Millennium Shock was the twenty-first novel in the BBC Past Doctor Adventures series. It was written by Justin Richards, released 10 May 1999 and featured the Fourth Doctor and Harry Sullivan.

This novel is a sequel to the Virgin Missing Adventures novel System Shock.

Publisher's summary

It's 1999 and the Millennium Bug is threatening to bring the world's computers to a standstill. Experts struggle to avert disaster, but a powerful force seems determined to work against them.

As the government realises the full implications of Year 2000, one company seems to promise all the technological answers... but what exactly are the methods and motives behind the operation?

What is the connection between the Millennium Bug, a raid on a Russian nuclear base, a break-in at a British defence contractor, and a pen that Sarah-Jane Smith kept as a memento of a past adventure? The Doctor and Commander Harry Sullivan of MI5 must discover the truth before the world is plunged into a digital winter.

No longer just an expensive miscalculation, the Millennium Bug could also be the key to an alien take-over of Earth...

Plot

In December 1999 the TARDIS materializes in the offices of Condef, a British defence contractor and the Fourth Doctor interrupts a break-in. A Condef employee, George Gardner, discovers the intruders were not stealing anything, but were instead installing chips from the company Silver Bullet Systems. The Doctor realises that the gas used to anaesthetise the security guards surpasses Earth's current level of technology, and advises George to go to Harry Sullivan at MI5 if he learns anything further. George contacts Harry with devastating news; he has tested an SB chip for Y2K compliance, and it has failed. Earlier in the century, computer programmers decided to drop the number of the century from date calculations in order to save memory space; thus, when the date changes from '99 to '00, computers all over the world will assume that the year has decreased by 99 instead of increasing by 1, and chaos will ensue. Silver Bullet has made its name by promising solutions to the Millennium Bug, and thousands of companies have bought SB chips and now assume themselves to be Y2K-compliant. But on 1 January 2000, the chips will fail spectacularly. And now it appears that someone is deliberately installing these chips even in companies which did not originally purchase them.

George tries to run further tests on the chip at home, but the chip detects illicit tampering and sends a pulsed signal through his electrical wires. The Silver Bullet staff use the embedded chips in his ordinary household appliances to strike out at him, sending a cripplingly high-pitched whine through his phone line and causing his a housefire. George barely escapes and retreats to a bunker in the country which he had already furnished to sit out the millennial chaos.
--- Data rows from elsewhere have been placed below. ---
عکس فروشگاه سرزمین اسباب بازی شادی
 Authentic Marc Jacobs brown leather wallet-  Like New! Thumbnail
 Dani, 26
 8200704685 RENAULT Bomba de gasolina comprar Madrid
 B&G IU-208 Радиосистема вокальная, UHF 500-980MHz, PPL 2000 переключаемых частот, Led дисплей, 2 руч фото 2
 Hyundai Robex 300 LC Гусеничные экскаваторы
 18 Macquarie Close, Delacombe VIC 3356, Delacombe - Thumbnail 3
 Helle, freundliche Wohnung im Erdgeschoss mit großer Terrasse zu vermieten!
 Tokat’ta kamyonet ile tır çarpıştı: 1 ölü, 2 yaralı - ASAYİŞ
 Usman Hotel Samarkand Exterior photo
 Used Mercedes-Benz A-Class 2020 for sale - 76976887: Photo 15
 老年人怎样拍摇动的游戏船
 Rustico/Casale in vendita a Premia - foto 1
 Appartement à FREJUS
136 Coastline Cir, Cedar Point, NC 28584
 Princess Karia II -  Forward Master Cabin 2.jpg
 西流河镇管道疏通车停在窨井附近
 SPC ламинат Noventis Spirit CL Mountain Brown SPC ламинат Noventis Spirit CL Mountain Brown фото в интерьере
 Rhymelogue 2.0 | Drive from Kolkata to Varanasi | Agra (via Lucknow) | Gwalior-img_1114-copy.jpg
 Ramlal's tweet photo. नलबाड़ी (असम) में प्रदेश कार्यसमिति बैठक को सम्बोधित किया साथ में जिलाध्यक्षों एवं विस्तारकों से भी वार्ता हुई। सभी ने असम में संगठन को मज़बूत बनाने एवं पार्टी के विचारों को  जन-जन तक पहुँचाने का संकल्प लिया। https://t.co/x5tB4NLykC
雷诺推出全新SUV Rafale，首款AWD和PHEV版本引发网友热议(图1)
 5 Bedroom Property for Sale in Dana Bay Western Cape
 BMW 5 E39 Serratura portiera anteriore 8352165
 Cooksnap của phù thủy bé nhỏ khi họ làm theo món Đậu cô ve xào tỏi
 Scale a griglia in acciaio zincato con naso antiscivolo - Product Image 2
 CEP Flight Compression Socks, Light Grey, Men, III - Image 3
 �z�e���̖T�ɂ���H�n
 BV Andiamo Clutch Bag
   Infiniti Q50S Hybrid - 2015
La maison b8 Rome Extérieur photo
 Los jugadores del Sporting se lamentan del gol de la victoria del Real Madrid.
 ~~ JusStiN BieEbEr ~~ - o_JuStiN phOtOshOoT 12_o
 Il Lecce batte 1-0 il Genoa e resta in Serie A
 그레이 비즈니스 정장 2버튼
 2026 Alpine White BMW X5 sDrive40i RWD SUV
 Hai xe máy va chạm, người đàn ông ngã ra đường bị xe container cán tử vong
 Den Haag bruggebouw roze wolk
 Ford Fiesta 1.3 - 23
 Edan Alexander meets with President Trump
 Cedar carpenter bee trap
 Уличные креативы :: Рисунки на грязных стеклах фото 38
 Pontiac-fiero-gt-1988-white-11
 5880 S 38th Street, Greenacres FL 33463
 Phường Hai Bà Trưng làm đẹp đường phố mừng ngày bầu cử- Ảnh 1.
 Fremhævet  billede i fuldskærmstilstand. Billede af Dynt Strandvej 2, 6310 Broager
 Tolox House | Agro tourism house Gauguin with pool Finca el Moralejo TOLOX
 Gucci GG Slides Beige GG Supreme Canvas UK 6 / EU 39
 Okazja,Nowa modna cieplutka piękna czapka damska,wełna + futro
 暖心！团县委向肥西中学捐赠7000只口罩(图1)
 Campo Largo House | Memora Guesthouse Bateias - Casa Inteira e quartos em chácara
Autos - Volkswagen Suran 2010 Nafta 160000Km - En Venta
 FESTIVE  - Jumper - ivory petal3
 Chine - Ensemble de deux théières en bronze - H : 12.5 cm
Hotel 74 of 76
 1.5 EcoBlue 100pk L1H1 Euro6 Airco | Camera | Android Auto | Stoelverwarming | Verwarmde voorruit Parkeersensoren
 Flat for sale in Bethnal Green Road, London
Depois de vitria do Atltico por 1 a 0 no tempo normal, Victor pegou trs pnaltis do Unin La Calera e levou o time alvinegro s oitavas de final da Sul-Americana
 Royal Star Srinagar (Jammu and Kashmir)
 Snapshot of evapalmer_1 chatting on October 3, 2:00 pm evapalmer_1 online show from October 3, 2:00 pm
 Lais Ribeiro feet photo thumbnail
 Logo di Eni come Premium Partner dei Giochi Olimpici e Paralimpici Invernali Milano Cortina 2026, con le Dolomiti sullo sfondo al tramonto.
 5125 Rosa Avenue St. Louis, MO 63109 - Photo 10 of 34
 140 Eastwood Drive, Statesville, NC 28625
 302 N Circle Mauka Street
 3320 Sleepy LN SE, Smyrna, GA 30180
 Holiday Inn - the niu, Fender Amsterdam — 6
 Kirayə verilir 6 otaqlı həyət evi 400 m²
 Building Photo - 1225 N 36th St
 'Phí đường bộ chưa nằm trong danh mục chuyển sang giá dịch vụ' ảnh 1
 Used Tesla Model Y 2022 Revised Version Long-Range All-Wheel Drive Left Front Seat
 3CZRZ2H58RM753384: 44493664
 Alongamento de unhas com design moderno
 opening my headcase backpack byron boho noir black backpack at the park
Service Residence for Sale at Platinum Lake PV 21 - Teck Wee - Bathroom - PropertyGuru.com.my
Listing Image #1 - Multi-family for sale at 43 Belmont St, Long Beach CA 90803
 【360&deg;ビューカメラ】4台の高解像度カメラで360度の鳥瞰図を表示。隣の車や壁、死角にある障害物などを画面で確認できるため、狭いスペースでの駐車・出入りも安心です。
Harry, meanwhile, is contacted by Silver Bullet's PR official, Andi Cave, who claims to have similar suspicions about SB's Y2K-readiness; she asks him to investigate rumours of suspicious meetings between Condef employees, a Russian colonel, and General Randall, Britain's NATO liaison.

The Doctor investigates at Condef and learns that Randall has been meeting with Colonel Krimkov, chief officer for Russia's nuclear deterrence and early warning systems. His attempts to speak with Randall get him nowhere, but Andi Cave contacts and takes him to meet James Bryant, a spin doctor for the current administration. Bryant suggests that Randall is up to something sinister, and advises the Doctor to back off so Bryant can deal with Randall without attracting attention. Harry meanwhile investigates an attempt to break into Ashley Chapel Logistics, finding the only possible target for the raid was a collection of software and hardware which ACL had purchased from the defunct company I2. The Doctor and Harry realise that, once again, the Voracians—hybrids of alien reptiles and malevolent office equipment—are attempting to conquer the Earth.

The Voracians have already converted a number of government and military officials to the cause, and are attempting to track down and reassemble the scattered code fragments of the AI software Voractyll. They have allowed one of their programmers, Dave Hodges, to remain fully human in order to use his intuition and emotional judgement; however, when the curious Hodges takes a peek at the software code he's assembling, they convert him to a cyborg. This decreases his productivity, however, and the Voracians are forced to concentrate their efforts on recovering the pen which Sarah Jane Smith had acquired during her encounter with the Voracians. Unaware that it contained a tracking device, she kept it as a souvenir and later given to Harry, and the chip within may contain enough Voractyll code to complete the programme.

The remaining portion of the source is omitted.